Ensuring only one copy of a perl script is running at a time on PerlMonks lists various other options. Also consider better job schedulers, such as CFEngine, which include run-only-a-single-copy support as a native feature.
Solutions
For Perl code, there are several solutions that provide secure temporary file handling. General security advice for Perl can be found in the perlsec documentation.
- Keep the data in memory.
- Secure temporary file handling.
- Calling an external editor.
Use modules such as File::MMap or IO::String to keep the data in memory. This may not be an option in all cases, but should be faster than touching the filesystem, and will avoid any filesystem related security problems. In recent versions of Perl, the open function now has options to open files in memory or to anonymous files on the filesystem. For more information, see perlopentut and perlfunc.
Instead of writing the file under a /tmp directory, use a module that takes appropriate security measures to ensure the file handle obtained is safe, such as File::Temp. This module uses similar code to that found in the mktemp(1) command.
The following example outlines modifying a file, with preservation of the original Unix ownership and permissions. My File::AtomicWrite can perform these various steps via either a simple write_file call or an object oriented interface.
#!/usr/bin/perl -w
use strict;
use File::Temp qw(tempfile);
my $target_filename = shift || die "usage: $0 file-to-replace\n";
if ( !-f $target_filename ) {
die "error: not a file: name=$target_filename\n";
}
my ( $tmp_fh, $tmp_filename ) =
tempfile( "$target_filename.XXXXXX", UNLINK => 0 );
if ( !defined $tmp_fh ) {
die "error: no temporary file\n";
}
# TODO write to temp file, -z "is it empty" santiy checks, etc. here
# preserve permissions on target file by applying them to temp file
my ( $mode, $uid, $gid ) = ( stat($target_filename) )[ 2, 4, 5 ];
$mode = $mode & 07777;
chmod $mode, $tmp_filename;
chown $uid, $gid, $tmp_filename;
rename $tmp_filename, $target_filename;
Another option is to create a directory, either at runtime, or a known directory created when the software is installed, or by configuration management. This directory can either be a File::Temp module tmpdir under /tmp, or a known path, such as /var/run/… or the like. What additional sanity checks are necessary will depend on the software, whether multiple users must have access, and so forth.

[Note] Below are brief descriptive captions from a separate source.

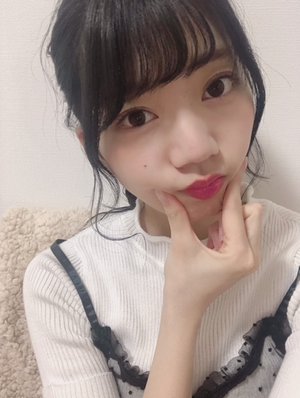 しゅわしゅわ - 画像3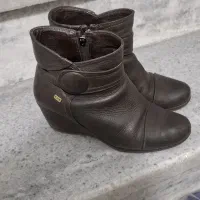 کیف|کیف، کفش، کمربند|بیجار, |دیوار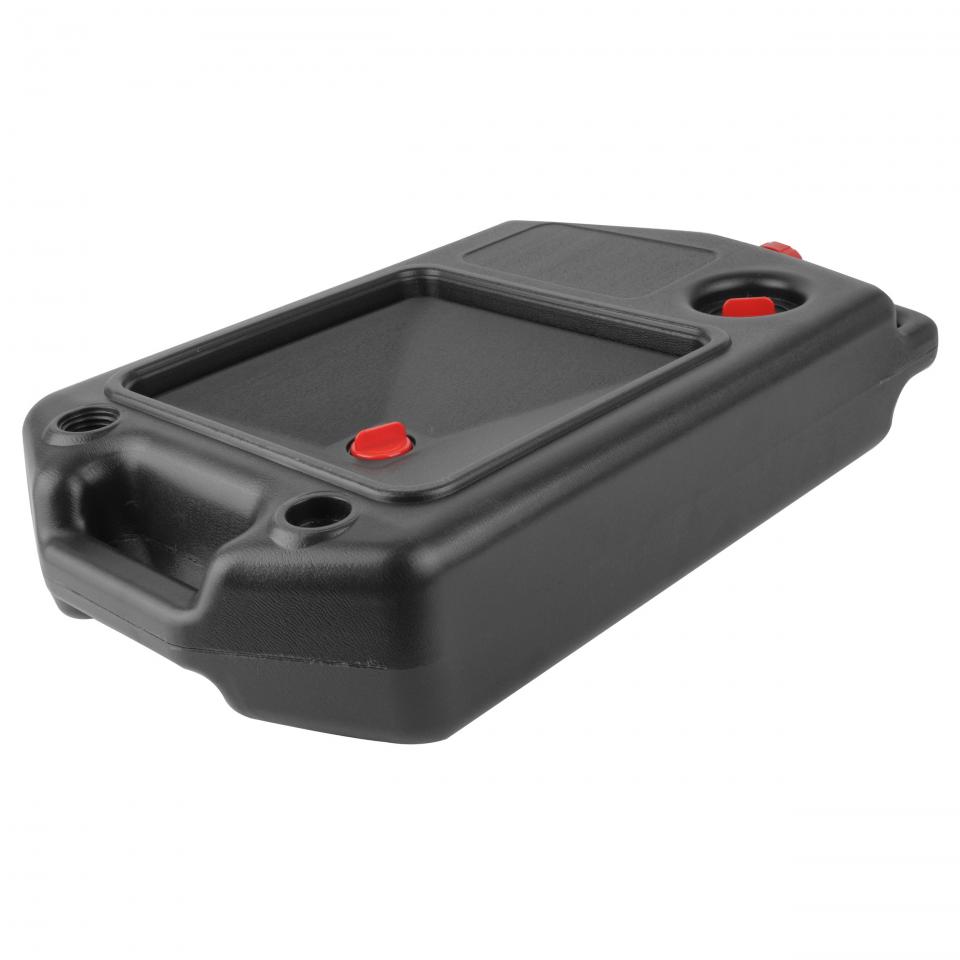 Outillage P2R pour Auto Neuf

If the temporary file is being written out so that an external editor can alter the data, use my Term::CallEditor Perl module, which in turn uses File::Temp to handle temporary files.
Deleting Open Files
While the deletion of an open file is not strictly related to temporary file creation, it bears mentioning. A file that is deleted or removed—that is, on Unix, that has its directory entry eliminated by the unlink(2) system call—while still held open by a filehandle in a process, can be written to by the process. This can lead to eventual filesystem exhaustion of all free space. Therefore, care must be taken to not remove files (usually logfiles, and usually by deficient logrotation schemes) that are being written to. Use tools such as lsof to discover these files, or on certain operating systems other tricks to recover the content of these files.